Sometimes I’m convinced that I make somber music so I can be cheerful in real life. But even as a child I was drawn to dark and curious forms of art, photography, films, poetry, music, etc. I’m also a Gemini, that probably explains a lot. Hahaha! I started playing music at a very young age; I think it was a way for me to escape. I didn’t talk a lot as a kid. I think music became my way of letting things out.

3. I would describe your music as “Chilling Sonic Oceanic Waves”. What kind of adjectives would you use? What kind of imagery do you hope to convey?

I think I would call it ‘dreamy’. Someone once said it was ‘hauntingly beautiful’, I like that a lot. I’m not really trying to convey anything in particular. I hope that people can tie strong imagery from their own life to the songs. That would be great. That would be the ultimate. For me though, sometimes I see make-believe polaroids. Moving scenery, like from a car window when it’s raining. Driving through the grayest of days on back roads where you mostly see run down houses with moss all over the roofs. When you open your eyes under water and everything is calm and you see the sunlight shining through from above making the plant particles glow as they float peacefully all around you, but everything is distant, you hear people but they are a warm drone.

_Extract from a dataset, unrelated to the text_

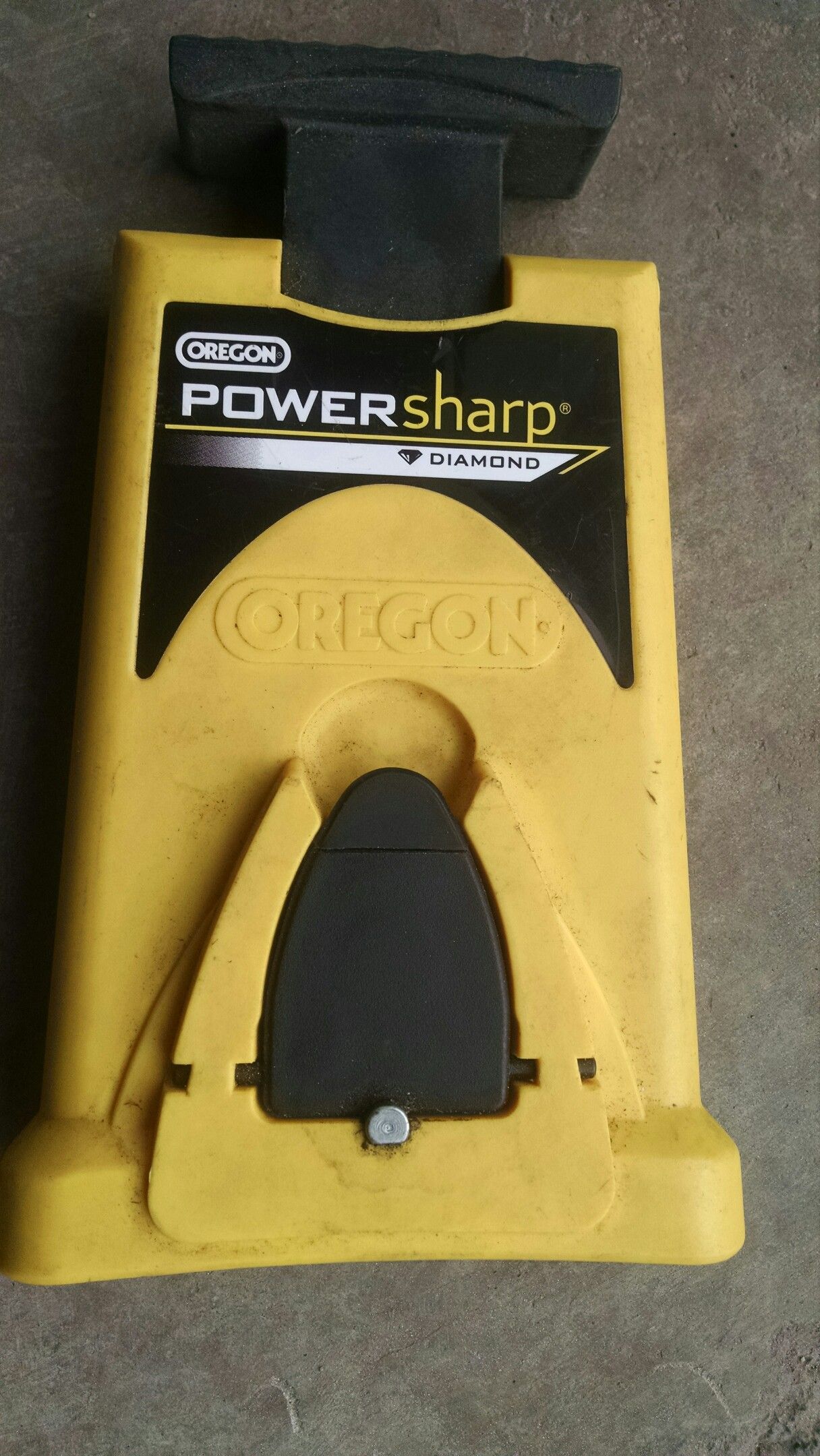 Power Sharp .Oregon .Diamond.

When you have your hands up to a window at night so you can see. When you are driving at night and can only see a line on the road that extends in front of you and then when you look straight down out your window you see it moving back and forth ever so slightly. Weaving toward you for a second and then being pulled out away from you towards the woods.
Check out the video for Levator’s “Escape”. Filmed by Rando

4. Who are some of your musical heroes?

I’d have to say Neil Young comes in at Number One for multiple reasons. Some of the other folks that I admire are Leonard Cohen, Harry Nilsson, The Beatles, Roy Orbison, Johnny Cash, oh, I could go on and on!

5. You seem to leave Seattle quite often to tour. Any favorite towns? Any favorite bands you have come across in your travels?

Yes! Reno, Bakersfield, San Francisco, San Diego, Goleta, Long Beach, Albany, there are a ton more, too many to list, but I think it’s all circumstantial, you know, we play with a band that blows our minds, or the folks that work at the bar are the coolest and hospitable, or we meet people at the show that are really fun to hang out with.

I have come across so many amazing bands that I never would have known existed. It is one of the biggest blessings of being a touring musician. I always try to get a CD so I can spread them around. I think a label should hire me as an A&R rep! Actually, maybe I should start a radio station where I play stuff from people I meet on the road. That would be really fun.


3 Responses to “KEEP IT ON THE BROWNLOWE: Tragically Un-Heard Of… LEVATOR”

  1. 1 The Bearded Traveler
    February 6, 2008 at 6:29 pm

    Appearing tomorrow! With Porches n Autopilot Is For Loverssss. Alberta St Pub!

  2. 2 Brad Electro
    February 12, 2008 at 11:24 pm

    Nice interview! The woman is a natural.